Molte le realtà innovative ma scarseggiano i capitali

Solo il 4,2% delle start-up energetiche ha un capitale superiore a 250.000 euro e anche quelle con un valore della produzione considerevole – superiore a 500.000 euro – sono poche, pari al 9,5% del totale: questo il lato nero scuro della medaglia secondo quanto emerge dal report. “La maggioranza delle start-up energetiche ha una dimensione d’impresa molto contenuta, con un impatto ancora assai ridotto in termini occupazionali – ha inoltre evidenziato il presidente di I-Com Stefano da Empoli puntualizzando che  “solo l’1,1% supera l’asticella dei 20 lavoratori impiegati. C’è un evidente problema in una fase iniziale di selezione e successivamente di scaling-up. Sono pochi evidentemente i progetti che hanno le potenzialità per risultare davvero vincenti e, laddove questo avvenga, le condizioni di contesto in Italia, a partire dal funding, rallentano il processo di crescita”.

Il punto sui brevetti

Lo studio fa inoltre il punto della situazione sui brevetti – uno dei principali indicatori della capacità di innovare degli Stati e dei loro sistemi produttivi – a proposito dei quali l’Italia risulta ancora molto indietro a livello internazionale. Nel 2017 le domande di brevetto in campo energetico provenienti dal nostro Paese sono state appena 881, lo 0,8% del totale a livello globale. In Europa la Spagna ottiene risultati analoghi ai nostri mentre fanno decisamente meglio la Francia (5% del totale) e soprattutto la Germania (8,1% del totale).

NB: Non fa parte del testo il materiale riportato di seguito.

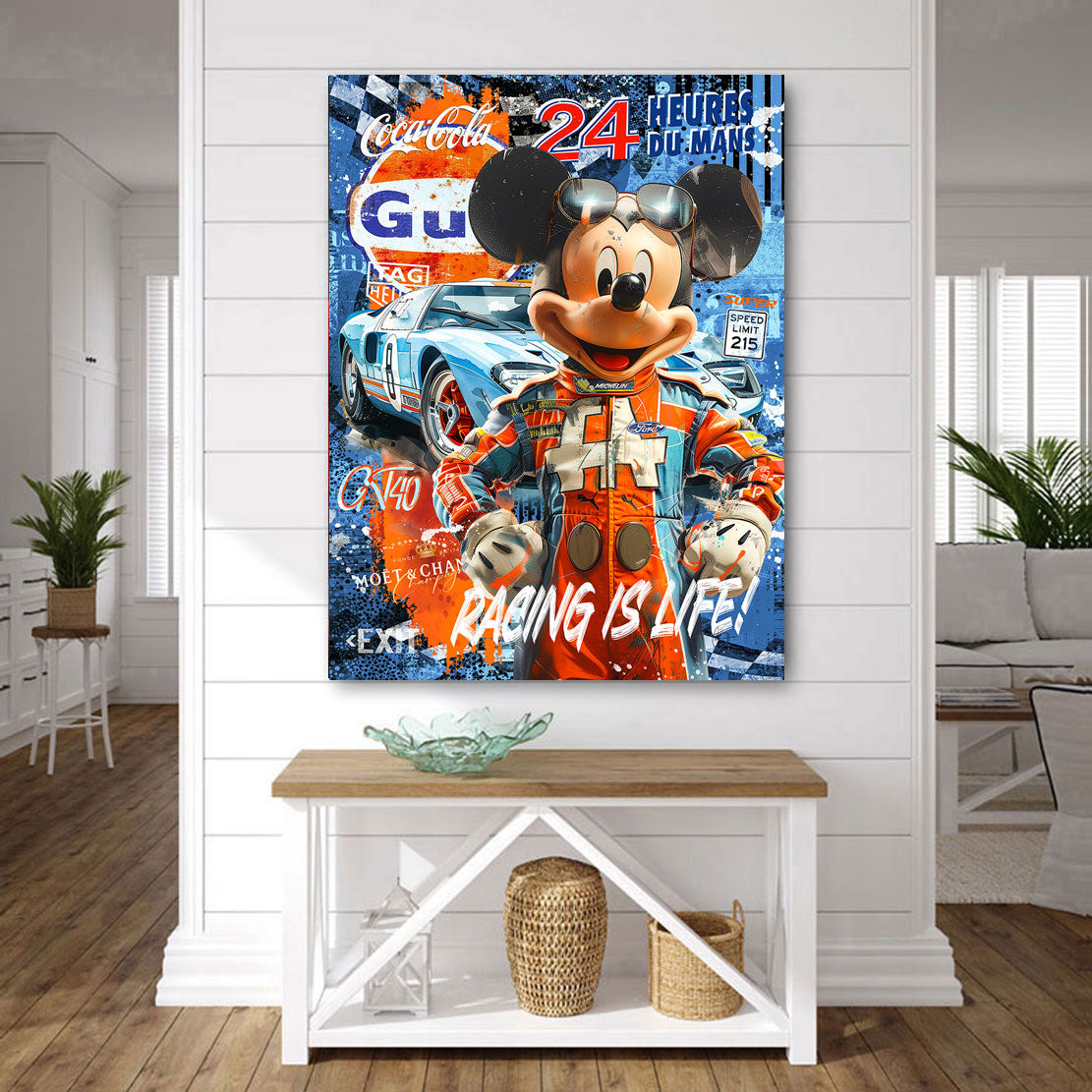 Pop Art Wandbild Micky Du Mans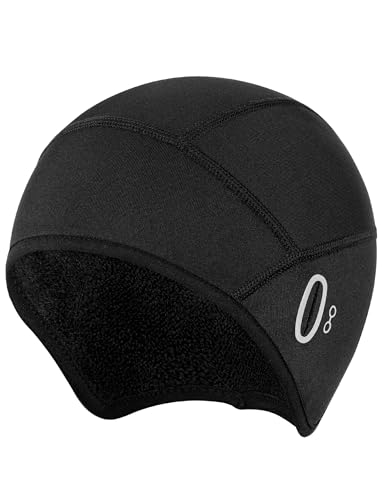 Becellen Gorro Ciclismo Niños, Invierno Cálido Casco Sotocasco con Orificio para Gafas Anti Viento Unisex Gorro Bajo Casco Termico Forro Polar Casco Bicicleta para Niños y Niñas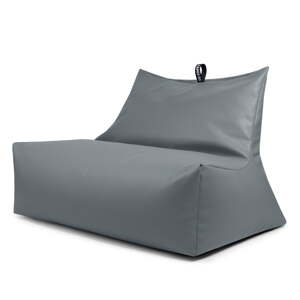 Siva vreća za sjedenje od imitacije kože Icy Sofa – So Soft?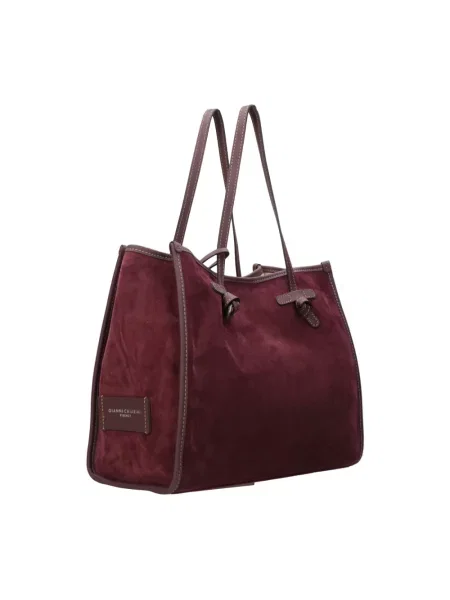 Shopperka Gianni Chiarini zamszowa czerwona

In assoluto il Giappone resta primo al mondo con 30.683 brevetti concessi in campo energetico anche se la distanza con la Cina si è ridotta ulteriormente. “Il Paese del Dragone continua a crescere a ritmi che non hanno eguali rispetto al complesso dei competitor internazionali, e in misura maggiore rispetto all’attività brevettuale nel complesso delle aree tecnologiche – ha sottolineato Antonio Sileo – Se le tendenze in atto saranno confermate si assisterà all’avvicendamento in prima posizione tra Cina e Giappone già dal 2019”. Nel 2017 sono state depositate poco meno di 25.862 domande di brevetto cinesi nel settore energetico, con un incremento del 17% su base annua. Tuttavia “si deve ricordare come la Cina conti per la quasi totalità brevetti domestici, sovente caratterizzati da modesto valore. Senza contare che si contraddistingue tra gli altri player per un regime di protezione dei diritti di proprietà intellettuali in cui la brevettazione è soggetta a incentivi di natura monetaria”, ha sottolineato Sileo. In ogni caso, la forbice cinese si amplia anche rispetto agli Stati Uniti e alla Corea del Sud, che attualmente occupano la terza e la quarta piazza. Negli Usa sono state rilevate 14.030 domande di brevetto nel settore energetico, con un incremento del 3,8%. Decisamente migliore la performance della Corea del Sud che passa dalle 10.139 alle 12.634 unità tra il 2016 e il 2017 (+13,9%).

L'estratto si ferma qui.